Own your decisions. Understand the customer’s needs. Don’t be lazy.— Professional corner cutting, Havoc Pennington. Aka: how to become a better programmer.
When you don’t create things, you become defined by your tastes rather than ability. Your tastes only narrow & exclude people. So create.— Why The Lucky Stiff.
El signo de la vitalidad no es durar, sino renacer y adaptarse.— El milagro Mondragón, José María Arizmendarrieta.
While money can help produce good software, clear communication channels between developers and users and a unified team can easily outperform more rigid development environments.— I feel sorry for closed-source developers, Bruce Momjian.
Screwing up is a great way to find out that your assumptions were wrong or that your model of the world was a little bit off. As long as you update your model and move forward with a better picture, you’re doing it right.

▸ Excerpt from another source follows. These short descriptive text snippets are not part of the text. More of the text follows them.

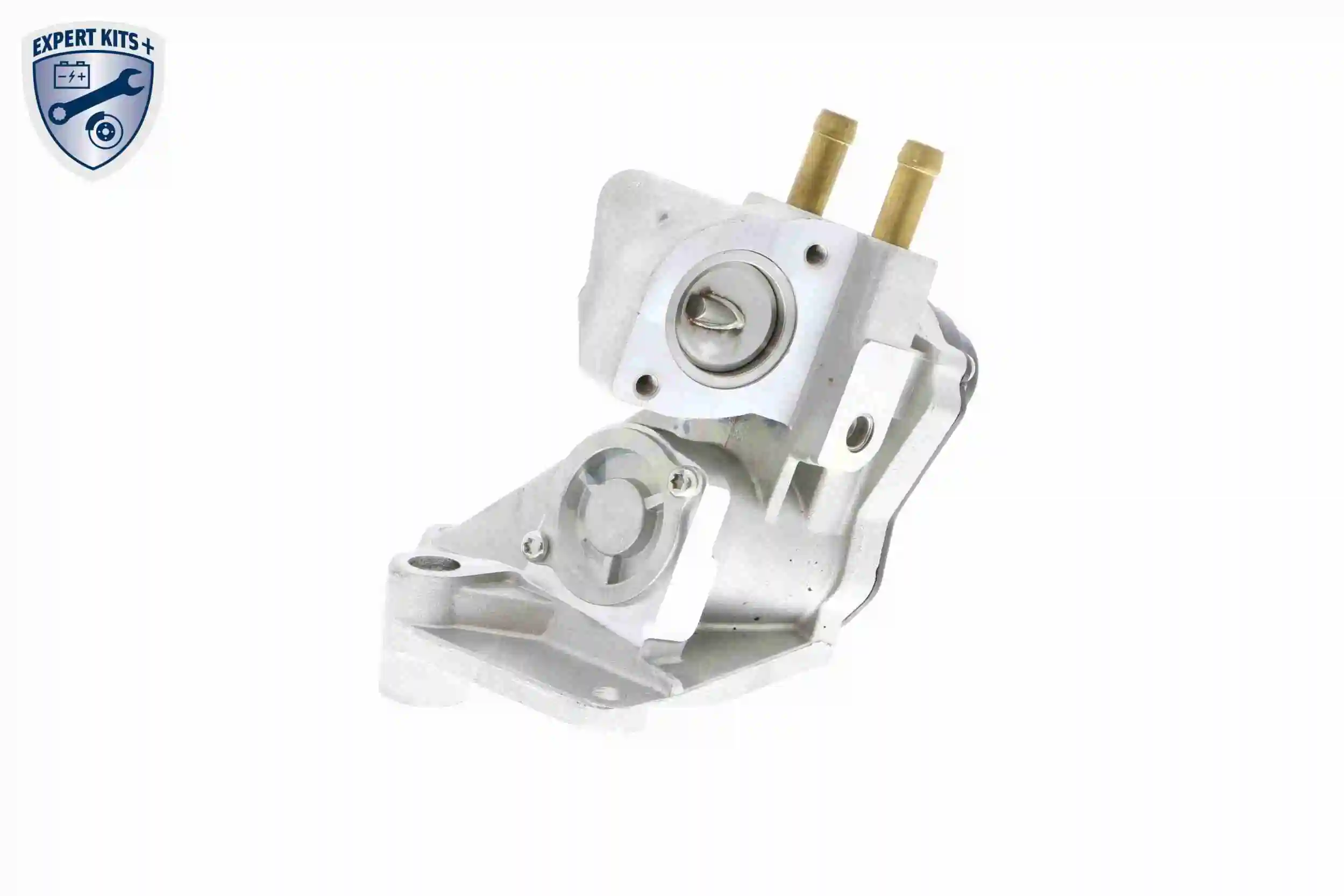 Soupape, réaspiration des gaz VEMO V10-63-0053-1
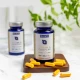 Witamina B Complex (60 kaps) BeKeto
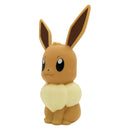 Pokémon LED Lamp Eevee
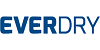 everdry logo
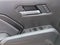 2026 GMC Canyon 4WD Elevation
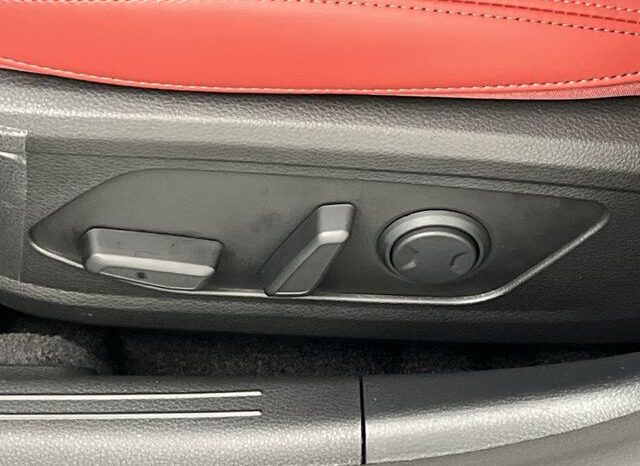 
 Kia K5 full									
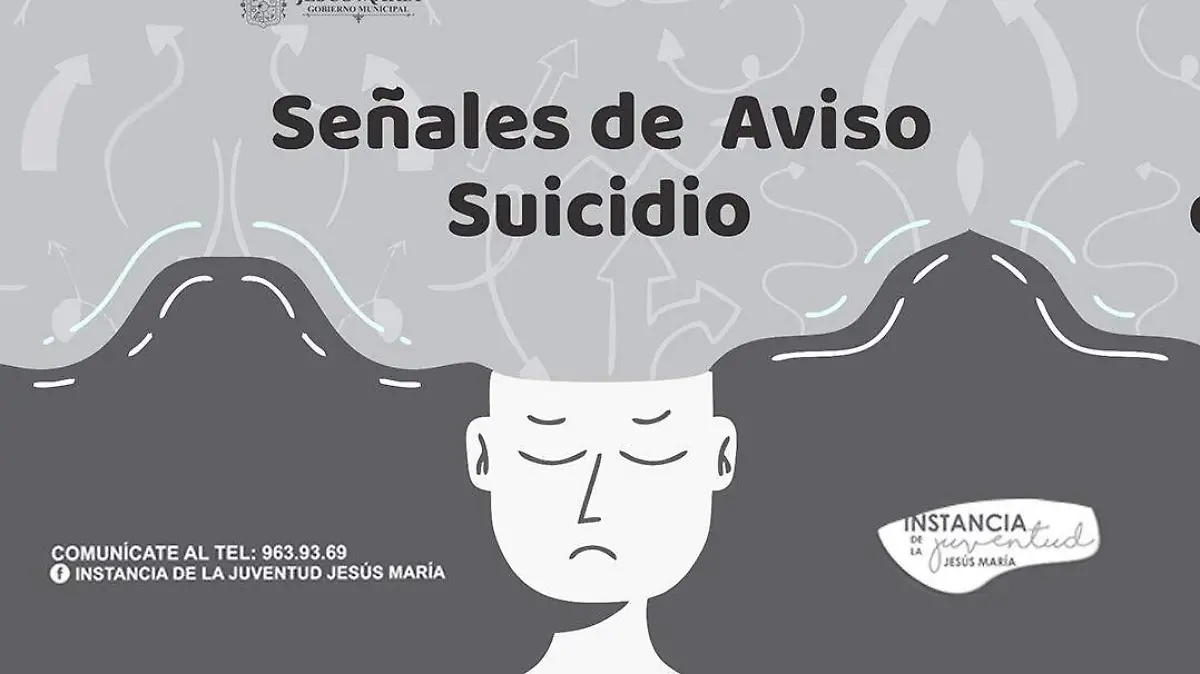 prevencion del suicidio JM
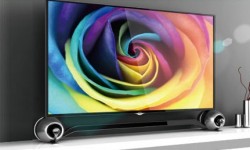 創(chuàng)維OLED電視新品M1值不值得買？一張圖告訴你
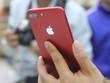 iPhone 7 đỏ chính hãng được bán từ 6/4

There are still some bad ways to fail. Repeating the same mistake over and over is one. Not listening to customers or peers before or after a failure is another. Never ignore the evidence; particularly when it says you’re wrong.— Valve Handbook for new employees.
Just as demagogues may subvert democracy, so self-promotion may subvert meritocracy.— Open Source Projects and the meritocracy myth.
Institutional memory comes in two forms: people and documentation. People remember how things work and why. Sometimes they write it down and store that information somewhere. Institutional amnesia works similarly. The people leave and the documents disappear, rot, or just become forgotten (as it were).— On institucional memory and reverse smuggling.
If you’re trying to make a successful tech product, 90% of the battle is that it works at all.— It has to work, Havoc Pennington.
And this is the essential broader point — as a programmer, you must have a series of wins, every single day. It is the Deus Ex Machina of hacker success. It is what makes you eager for the next feature, and the next after that. And a large team is poison to small wins. The nature of large teams is such that even when you do have wins, they come after long, tiresome and disproportionately many hurdles. And this takes all the wind out of them. Often when I shipped a feature it felt more like relief than euphoria.— On how the smartest fail to stick to the essential, one of the engineers behind Google Wave. Jointly with this other post, a good story for any startup to hear.
I will never stop learning. I won’t just work on things that are assigned to me. I know there’s no such thing as a status quo. I will build our business sustainably through passionate and loyal customers. I will never pass up an opportunity to help out a colleague, and I’ll remember the days before I knew everything. I am more motivated by impact than money, and I know that Open Source is one of the most powerful ideas of our generation. I will communicate as much as possible, because it’s the oxygen of a distributed company. I am in a marathon, not a sprint, and no matter how far away the goal is, the only way to get there is by putting one foot in front of another every day. Given time, there is no problem that’s insurmountable.— Automattic Creed, Matt Mullenweg.